▶ [Brief descriptive captions]:
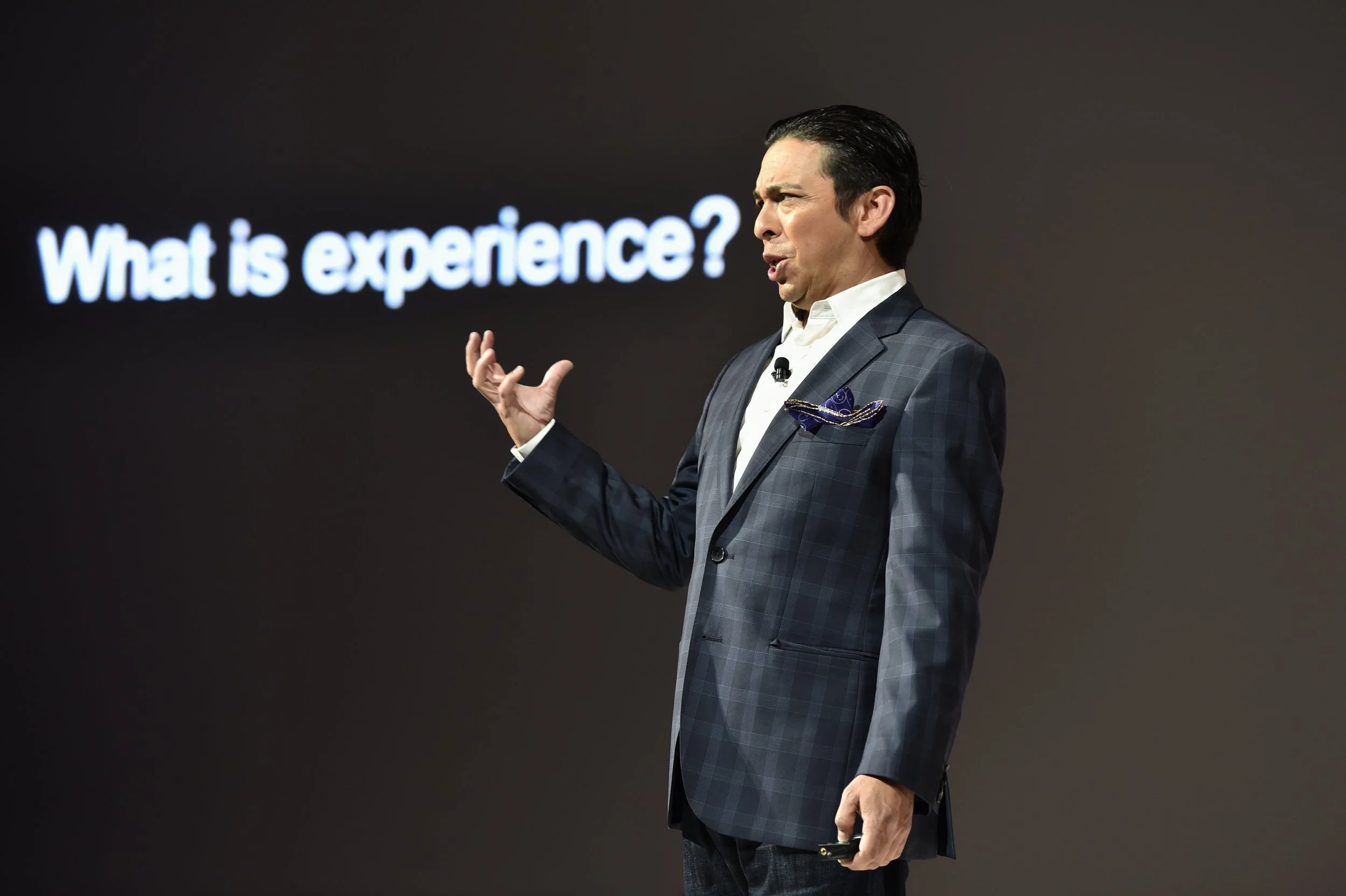 Un homme en costume donne une présentation devant un écran affichant la question "What is experience ?".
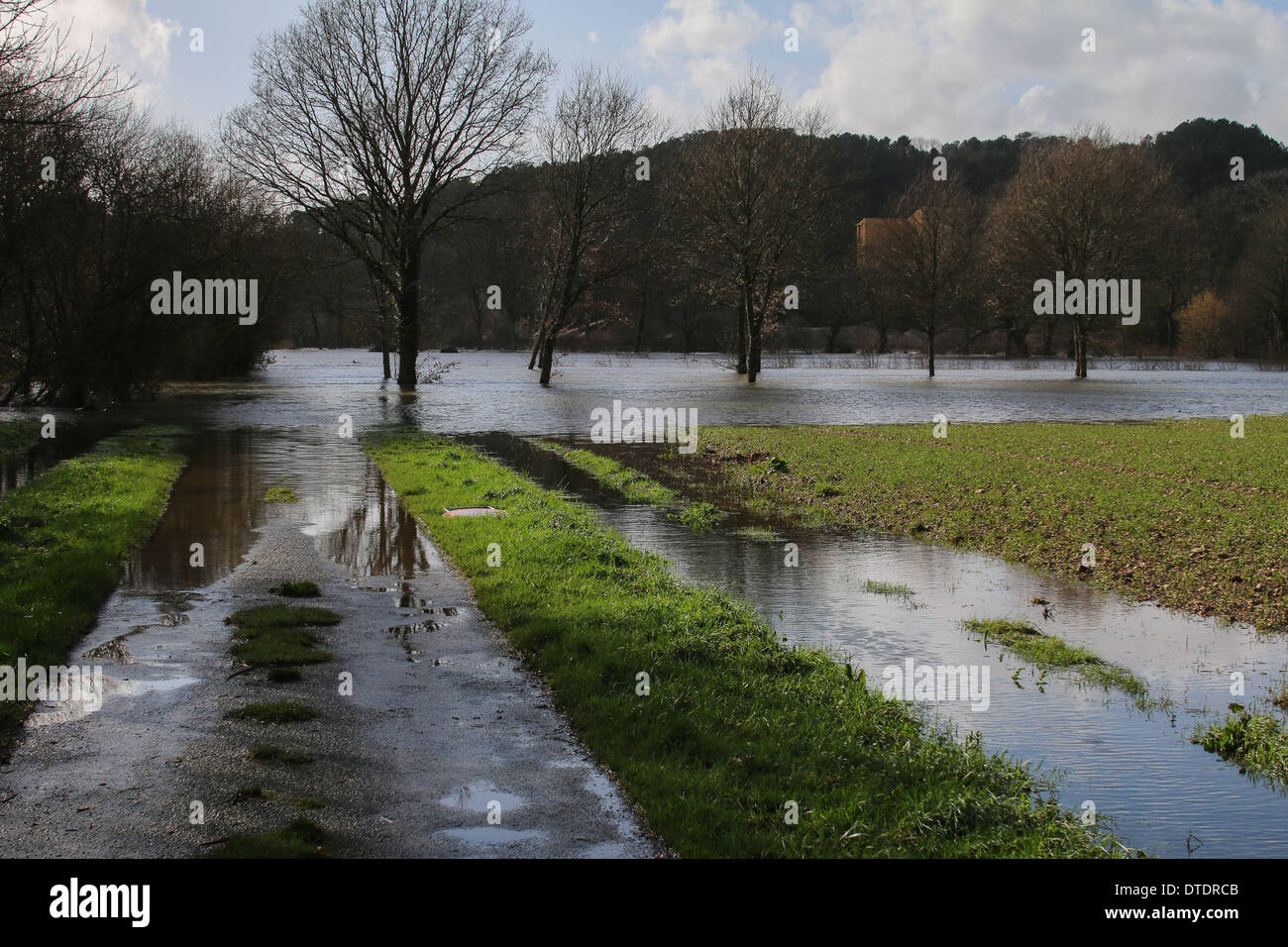 The Oust river in flood and road submerged, near St Laurent sur Oust, near Malestroit Stock Photo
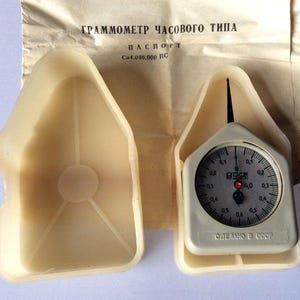 Könnte beinhalten: Ein cremefarbenes Vintage-Gramm-Messgerät mit rundem Zifferblatt und schwarzem Zeiger, untergebracht in einem passenden Kunststoffgehäuse. Das Zifferblatt zeigt Zahlen und Markierungen. Der Text "MADE IN USSR" ist sichtbar.
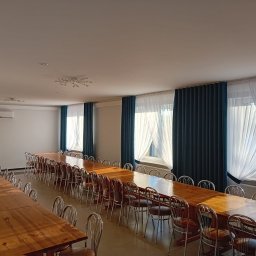 Usługi remontowo-wykończeniowe - Jasne wnętrze sali konferencyjnej z długimi drewnianymi stołami i metalowymi krzesłami, zasłony w kolorze ciemnego turkusu przy oknach.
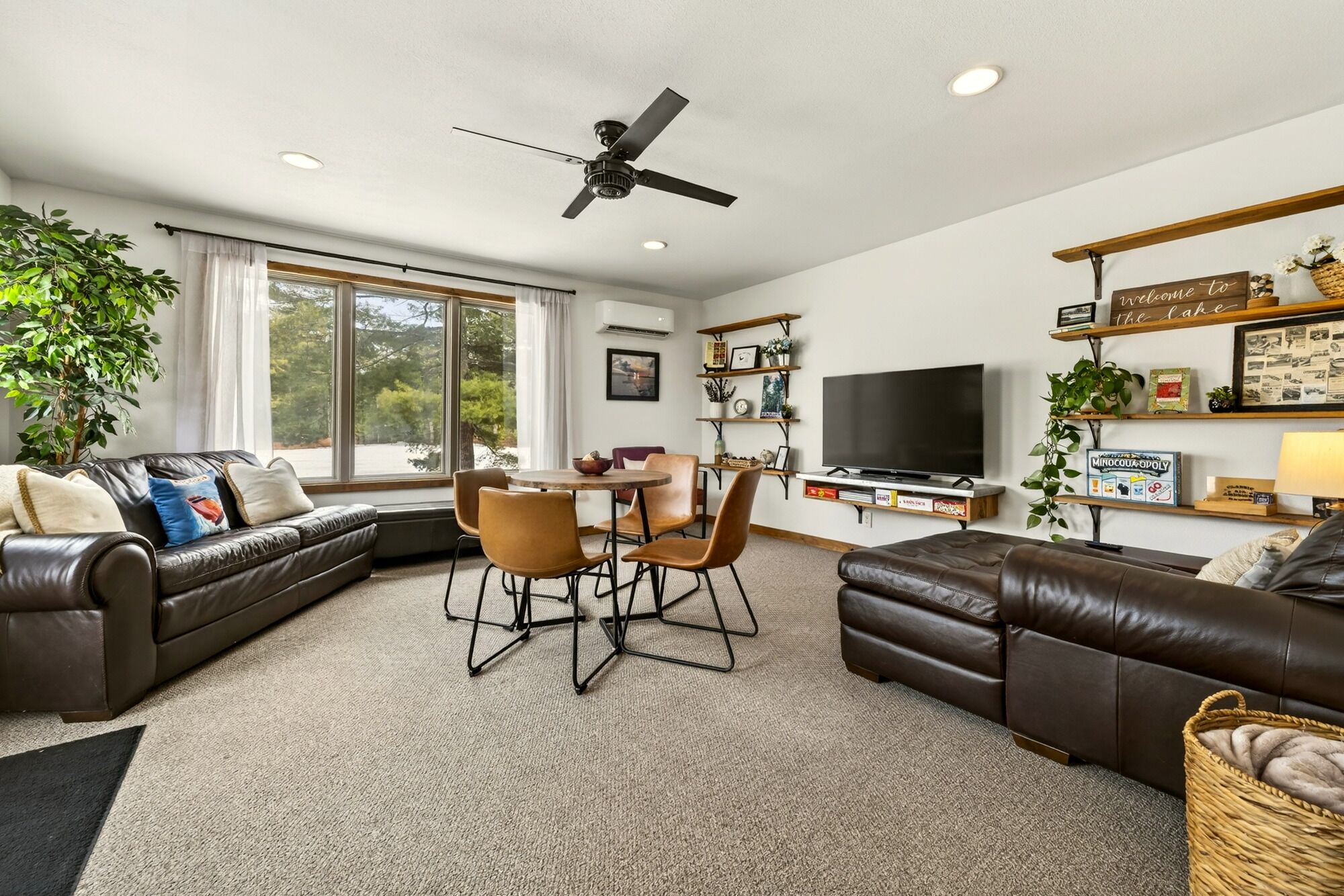A living room with a sofa, chairs, a TV, and a ceiling fan.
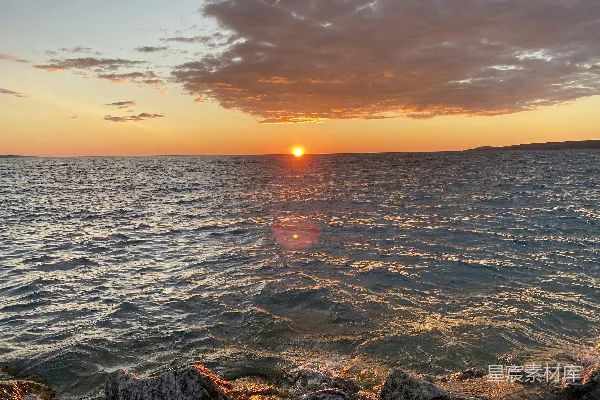 高清摄影 太阳正缓缓落下，海面的前景中有一些岩石。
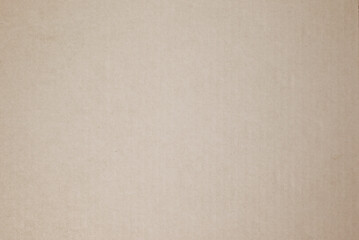 Light beige cardboard texture background, copy space.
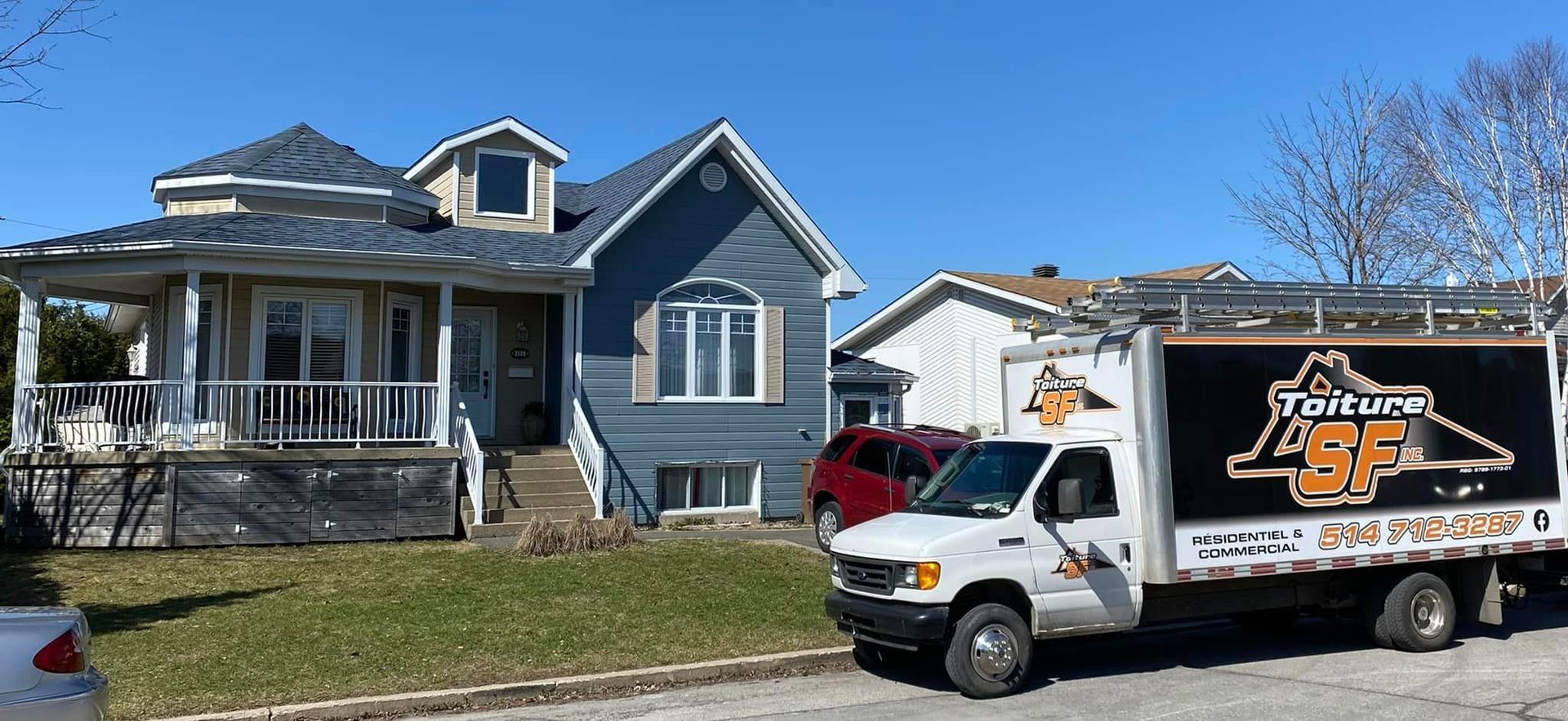 Maison avec un toit et un bardage bleus, avec un camion blanc portant l'inscription « Toiture 85 ».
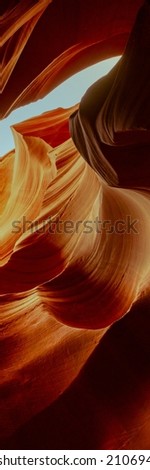 Antelope Canyon in the Navajo Reservation near Page, Arizona USA. Vertical abstract background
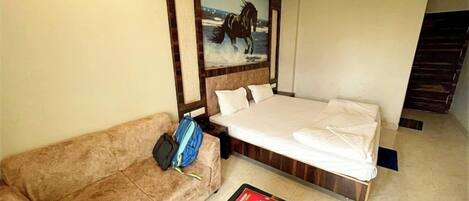 Una habitación de hotel con cama, sofá, un cuadro y una mesa de centro.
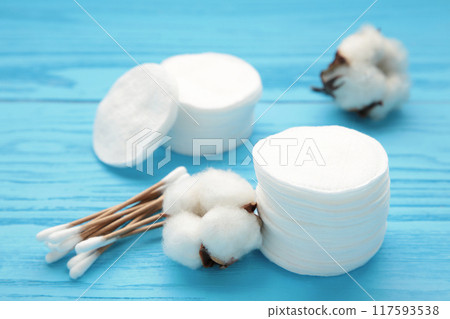 Cotton swabs and sticks with flower on blue background 117593538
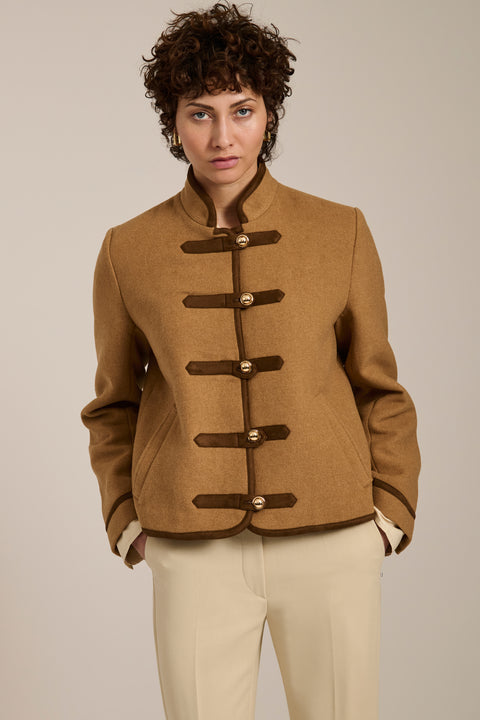 Wool-blend military jacket with faux suede trim, stand collar, frog closures and side-entry welt pockets.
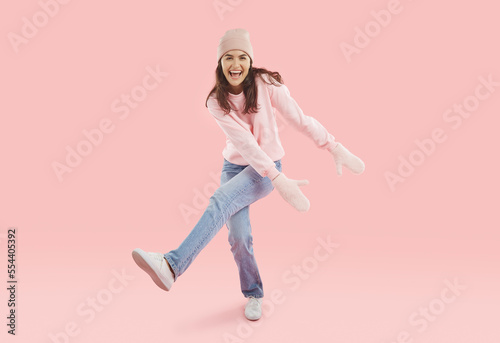 Full body happy lively attractive young woman wearing sweatshirt, jeans, wool winter hat, mittens having fun in pink fashion studio, dancing to music, laughing, doing funny moves with hands and legs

▶ [Work task]: Retype the lines from the one containing "Light beige cardboard" down to the last line of the records, both included, exactly and nothing more. Pictures stay out.

▶ [Task solution]:
 Light beige cardboard texture background, copy space.
 Maison avec un toit et un bardage bleus, avec un camion blanc portant l'inscription « Toiture 85 ».
 Antelope Canyon in the Navajo Reservation near Page, Arizona USA. Vertical abstract background
 Una habitación de hotel con cama, sofá, un cuadro y una mesa de centro.
 Cotton swabs and sticks with flower on blue background 117593538
 Wool-blend military jacket with faux suede trim, stand collar, frog closures and side-entry welt pockets.
 Full body happy lively attractive young woman wearing sweatshirt, jeans, wool winter hat, mittens having fun in pink fashion studio, dancing to music, laughing, doing funny moves with hands and legs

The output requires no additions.